If you factor in income, even sharper disparities emerge. People who earn more money tend to live considerably longer. A fascinating New York Times article in 2014 contrasted the suburbs of Washington, D.C., with coal country in West Virginia only 350 miles away. In the wealthy D.C. suburbs, life expectancy averaged approximately 83 years old. In rural West Virginia, the number was approximately 68.
Since most lawyers tend to earn considerably more in their lifetime than the U.S. median, they can expect to live considerably longer. Perhaps Shakespeare is rolling over in his grave. The question remains: When do you retire and what do you do thereafter? And when will you leave for the hereafter?
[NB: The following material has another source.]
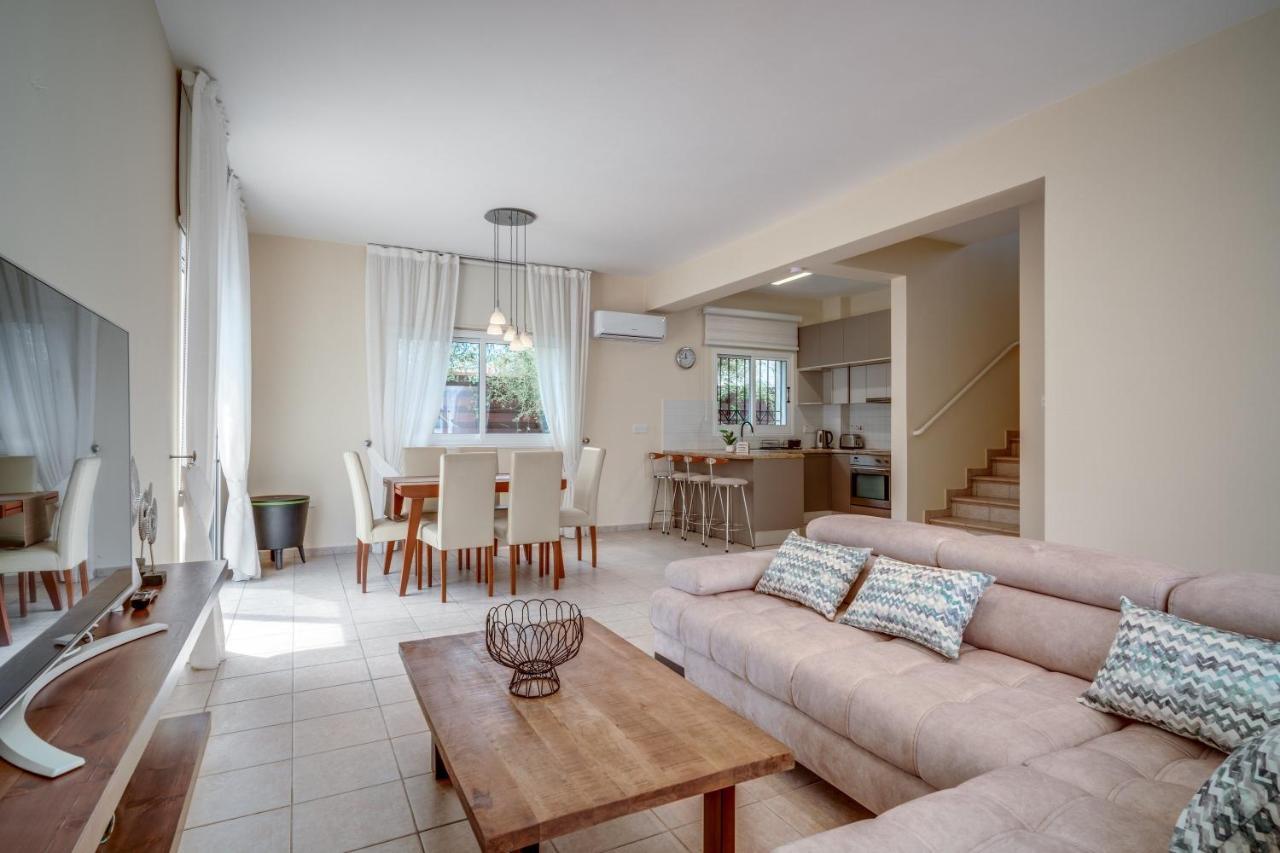 Amphitrite Villa Paralimni Exterior photo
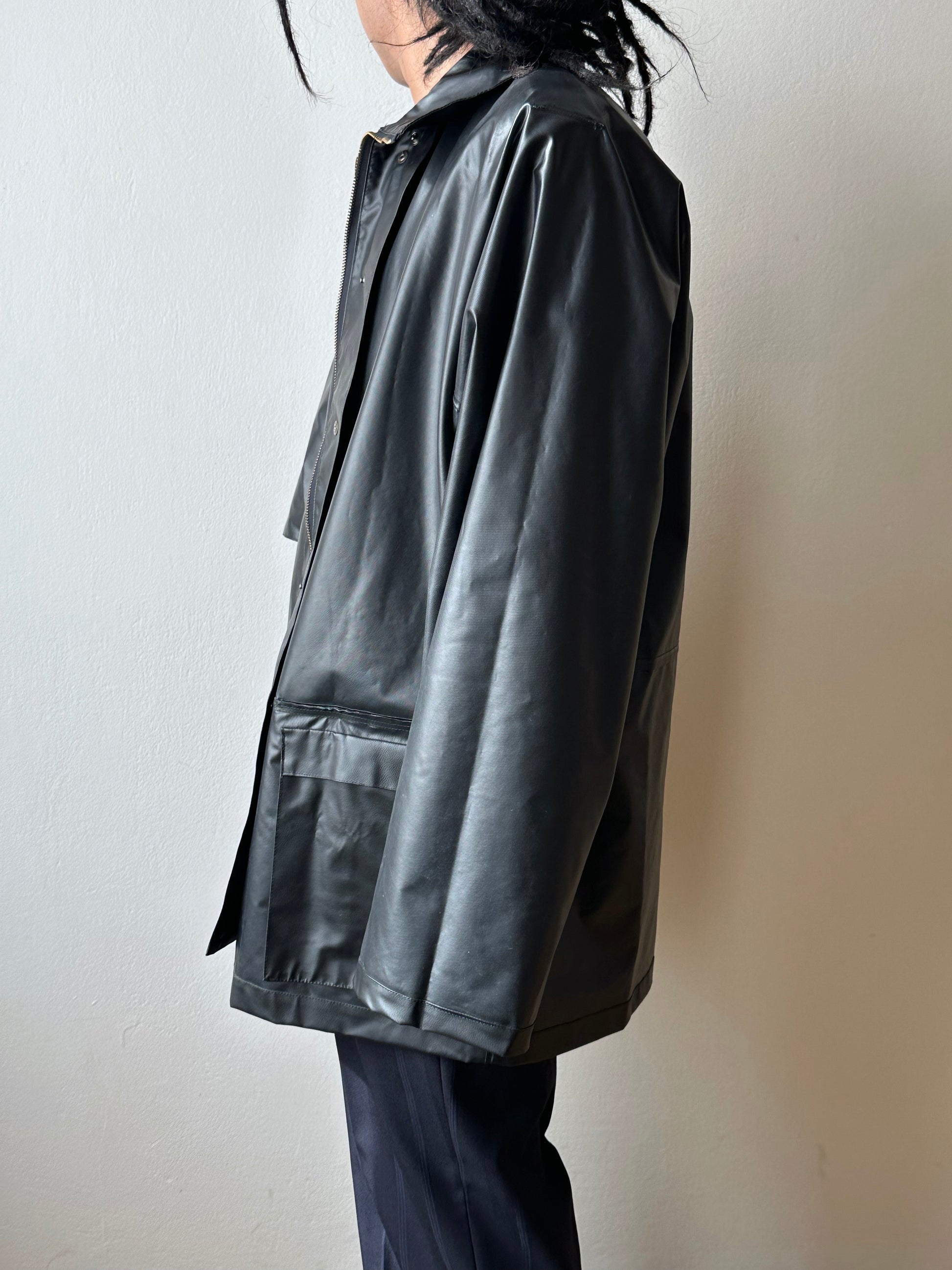 1982 French Military black rubber coat 80年代 フランス軍 レインコート ラバー 黒 Army Toto Praha Vintage clothing shop Antique shop 古着屋 プラハ Showroom appointment Prague ユーロ古着 ヨーロッパ古着 古着卸 ヴィンテージ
Law firms and corporate HR departments need to give these issues some serious thought. If you want some more numbers, the average 65-year-old today can walk or run more miles and lift more weight and get through more Pilates classes than the average 65-year-old in 1935. It might be with artificial hips or knees, but our generation, the Baby Boomers, will keep on trucking. So let’s not use 80-year-old thinking about our retirement planning or professional succession planning. It ain’t 1935 anymore.
All of this means that younger law firm Partners and Deputy or Associate General Counsel need to be realistic about their career paths. Mandatory retirement ages need to be reviewed and shared with the next generation of leaders at firms and in corporate legal departments. Consensus and agreement need to be achieved so everyone is on the same page about age. HR, the CEO and GCs need to reflect and decide when they might retire to allow for proper succession planning.
Not a day goes by without me (and my 200+ search consultant colleagues) counseling a more senior candidate that “75 is the new 65.” Work your financial plan based on working to age 75, and while you’re still working, start planning for what you might do in your retirement.